For the Tahini Dressing:

  • 1/4 cup tahini
  • 2 tbsp fresh lemon juice
  • 1 clove garlic, minced
  • 2 tbsp warm water (more as needed)
  • 1 tbsp maple syrup or honey (for a touch of sweetness)
  • 1/2 tsp salt
  • 1/4 tsp black pepper
  • 1/4 tsp ground cumin (optional)

Preparation:

Step 1: Preheat and Prepare Vegetables

  1. Preheat the oven to 400°F (200°C). Line a baking sheet with parchment paper or lightly grease it with oil.
  2. In a large bowl, toss the sweet potatoes with 1 tablespoon of olive oil, cumin, smoked paprika, garlic powder, turmeric, salt, and pepper until well coated. Spread them evenly on half of the baking sheet.
  3. In the same bowl, mix the chickpeas with 1 tablespoon of olive oil, salt, pepper, and cayenne pepper (if using). Spread the chickpeas evenly on the other half of the baking sheet.

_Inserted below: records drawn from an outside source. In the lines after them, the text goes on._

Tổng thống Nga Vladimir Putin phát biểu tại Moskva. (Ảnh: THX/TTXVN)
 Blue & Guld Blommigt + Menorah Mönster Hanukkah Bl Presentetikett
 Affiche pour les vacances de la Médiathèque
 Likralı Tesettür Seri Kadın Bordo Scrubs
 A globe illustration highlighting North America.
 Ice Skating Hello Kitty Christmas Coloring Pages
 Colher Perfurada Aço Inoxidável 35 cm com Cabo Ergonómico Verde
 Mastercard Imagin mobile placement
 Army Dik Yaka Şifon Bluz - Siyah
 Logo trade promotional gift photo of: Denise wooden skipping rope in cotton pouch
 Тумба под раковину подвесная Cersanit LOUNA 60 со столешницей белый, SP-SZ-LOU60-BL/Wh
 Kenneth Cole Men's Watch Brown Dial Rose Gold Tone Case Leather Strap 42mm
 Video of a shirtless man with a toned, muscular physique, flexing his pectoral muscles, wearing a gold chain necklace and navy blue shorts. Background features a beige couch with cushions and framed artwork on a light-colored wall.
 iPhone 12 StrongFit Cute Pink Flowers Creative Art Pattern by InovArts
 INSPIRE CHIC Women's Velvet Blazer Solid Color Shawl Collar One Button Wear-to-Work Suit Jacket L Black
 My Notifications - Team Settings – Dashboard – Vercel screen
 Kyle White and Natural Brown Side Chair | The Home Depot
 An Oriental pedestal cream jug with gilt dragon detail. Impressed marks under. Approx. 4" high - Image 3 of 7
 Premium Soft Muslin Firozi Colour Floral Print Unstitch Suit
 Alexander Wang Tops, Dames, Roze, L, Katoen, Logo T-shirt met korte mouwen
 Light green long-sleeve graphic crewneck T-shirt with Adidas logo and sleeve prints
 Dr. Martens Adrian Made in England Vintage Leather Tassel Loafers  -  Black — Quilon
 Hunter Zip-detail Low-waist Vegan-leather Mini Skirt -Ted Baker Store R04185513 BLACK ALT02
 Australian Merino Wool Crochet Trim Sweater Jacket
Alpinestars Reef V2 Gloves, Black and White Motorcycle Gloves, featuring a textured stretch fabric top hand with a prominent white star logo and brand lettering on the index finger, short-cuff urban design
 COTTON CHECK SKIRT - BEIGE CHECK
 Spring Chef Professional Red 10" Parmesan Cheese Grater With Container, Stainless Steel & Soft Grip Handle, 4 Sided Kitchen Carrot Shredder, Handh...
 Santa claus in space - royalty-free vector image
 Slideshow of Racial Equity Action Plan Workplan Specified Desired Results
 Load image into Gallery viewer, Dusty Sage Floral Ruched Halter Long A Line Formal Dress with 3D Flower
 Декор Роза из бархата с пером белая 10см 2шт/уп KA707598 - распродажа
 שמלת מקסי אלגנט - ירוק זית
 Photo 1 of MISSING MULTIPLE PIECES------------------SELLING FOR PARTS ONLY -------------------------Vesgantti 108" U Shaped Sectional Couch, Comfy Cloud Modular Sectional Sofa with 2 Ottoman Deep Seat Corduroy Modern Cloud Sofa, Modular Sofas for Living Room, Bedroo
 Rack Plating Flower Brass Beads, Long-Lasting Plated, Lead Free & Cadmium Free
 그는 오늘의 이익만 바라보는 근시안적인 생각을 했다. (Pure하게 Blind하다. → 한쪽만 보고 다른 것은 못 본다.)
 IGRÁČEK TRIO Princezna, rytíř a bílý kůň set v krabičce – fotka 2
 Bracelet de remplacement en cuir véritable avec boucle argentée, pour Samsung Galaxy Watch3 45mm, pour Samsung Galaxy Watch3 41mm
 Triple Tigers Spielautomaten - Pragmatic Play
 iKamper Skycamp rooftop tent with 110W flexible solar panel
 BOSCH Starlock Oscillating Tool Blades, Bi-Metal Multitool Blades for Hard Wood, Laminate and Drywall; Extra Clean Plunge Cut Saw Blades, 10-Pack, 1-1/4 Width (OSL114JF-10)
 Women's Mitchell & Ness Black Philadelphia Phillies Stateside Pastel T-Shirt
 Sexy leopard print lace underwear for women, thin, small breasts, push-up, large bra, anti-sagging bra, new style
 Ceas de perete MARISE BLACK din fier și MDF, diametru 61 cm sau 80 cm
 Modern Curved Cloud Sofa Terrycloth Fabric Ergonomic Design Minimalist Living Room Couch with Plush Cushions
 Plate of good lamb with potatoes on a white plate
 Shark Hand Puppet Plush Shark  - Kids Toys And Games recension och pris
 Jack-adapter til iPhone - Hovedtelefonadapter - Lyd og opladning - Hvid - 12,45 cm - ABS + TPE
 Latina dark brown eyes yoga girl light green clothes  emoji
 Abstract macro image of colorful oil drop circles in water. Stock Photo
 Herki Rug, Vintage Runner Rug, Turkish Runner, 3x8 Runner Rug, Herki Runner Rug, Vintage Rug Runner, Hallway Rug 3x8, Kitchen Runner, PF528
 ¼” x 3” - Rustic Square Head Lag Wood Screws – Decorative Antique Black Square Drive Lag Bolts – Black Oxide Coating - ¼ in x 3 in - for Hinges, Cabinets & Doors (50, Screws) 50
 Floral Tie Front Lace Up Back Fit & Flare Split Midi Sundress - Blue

Step 2: Roast the Sweet Potatoes and Chickpeas

  1. Roast in the preheated oven for 25-30 minutes, tossing halfway through, until the sweet potatoes are tender and slightly caramelized, and the chickpeas are golden and crispy.
  2. Remove from the oven and let them cool slightly while you prepare the other ingredients.

Step 3: Cook the Grain Base

  1. While the vegetables are roasting, cook quinoa or brown rice according to package instructions. Use vegetable broth instead of water for added flavor. Once cooked, fluff with a fork and set aside.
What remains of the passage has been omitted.